Indeed, just six months following her donation, Estrada competed in the first of a string of half-marathon races.
“Most of our patients,” said Shaw, “go home in 48 hours. The blood loss is almost equivalent to getting two or three vials of blood drawn for a routine blood test. The pain is minimal and the recovery is pretty fast to go back to work.”
Of course, many kidney transplants start with organ donors who have died. Either they or their family members have okayed the process and a delicate bit of timing creates the life-saving transfer.
But often, patients get their new kidney from a friend or a member of their own family who provide a good medical match. Either way, the demand far outweighs the supply by what director Pittman calls, “multiple factors.”
“In Texas, there are over 9000 people waiting on the list for a kidney transplant,” Pittman said. “Every year, there's an additional 3000 people that are added. And we're only transplanting about 1300 people every year for kidney transplants.”
So people like Estrada are deeply appreciated. Still, Pittman cautions that such decisions must come freely.
“It's not anything that I would promote or encourage people to do,” Pittman said, ”because it's really their own choice and there can't be any coercion whatsoever.
“And so I wouldn't want to slant anybody's perspective to win favor of doing something that's so extraordinary.
“But at the end of the day, the people who do this are obviously extraordinary people.”
So Pittman and others at the transplant center walk a thin line between improperly encouraging “altruistic” or “non-directed” donations and acknowledging the importance of them.

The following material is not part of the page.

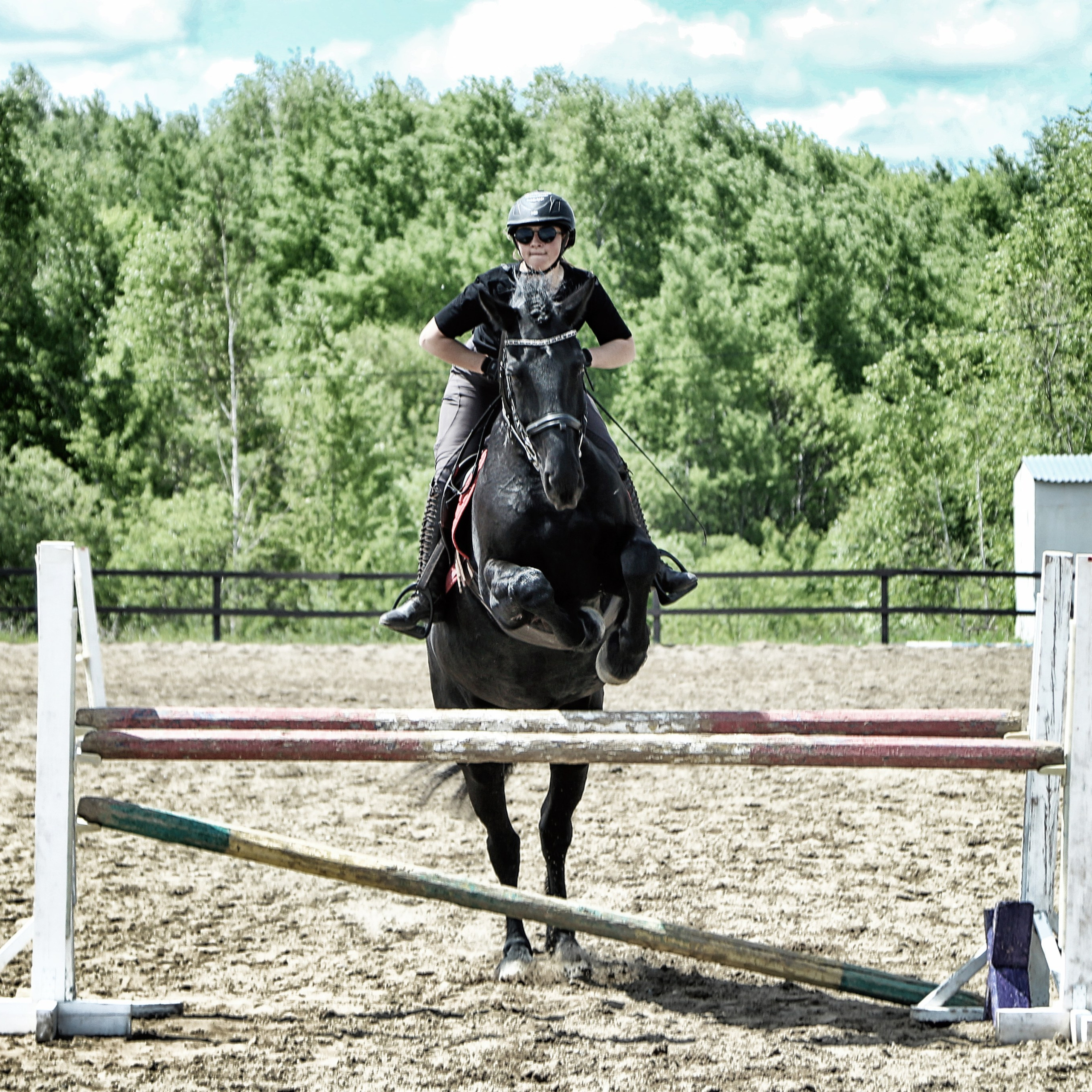 Лошади «Каскад» и «Брилиант». Алиса Томшина — Фотограф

“It's a story about humanity,” Pittman said, “and it's a story about compassion and, a story about somebody who's just wanting to help another person.
“To call it anything other than that and to go out and try to encourage other people to do it, I don't think is right.
“But if somebody comes to the realization that this something that they want to do, then yes, I mean, this is happening across the United States.”
As for Estrada, she can imagine what her father might say now.
“I think he would be a little upset at first,” she admitted, “but he would be proud, very much proud, yeah, without a doubt.”
And looking ahead to her next half-marathon, Estrada smiles.
“I feel good,” she said. “I get to make up a story for somebody out there, that they're getting to enjoy Christmas or their birthdays, or if they have kids, of if they have a husband, they get to enjoy that time now. So, yeah, it's a good thing.”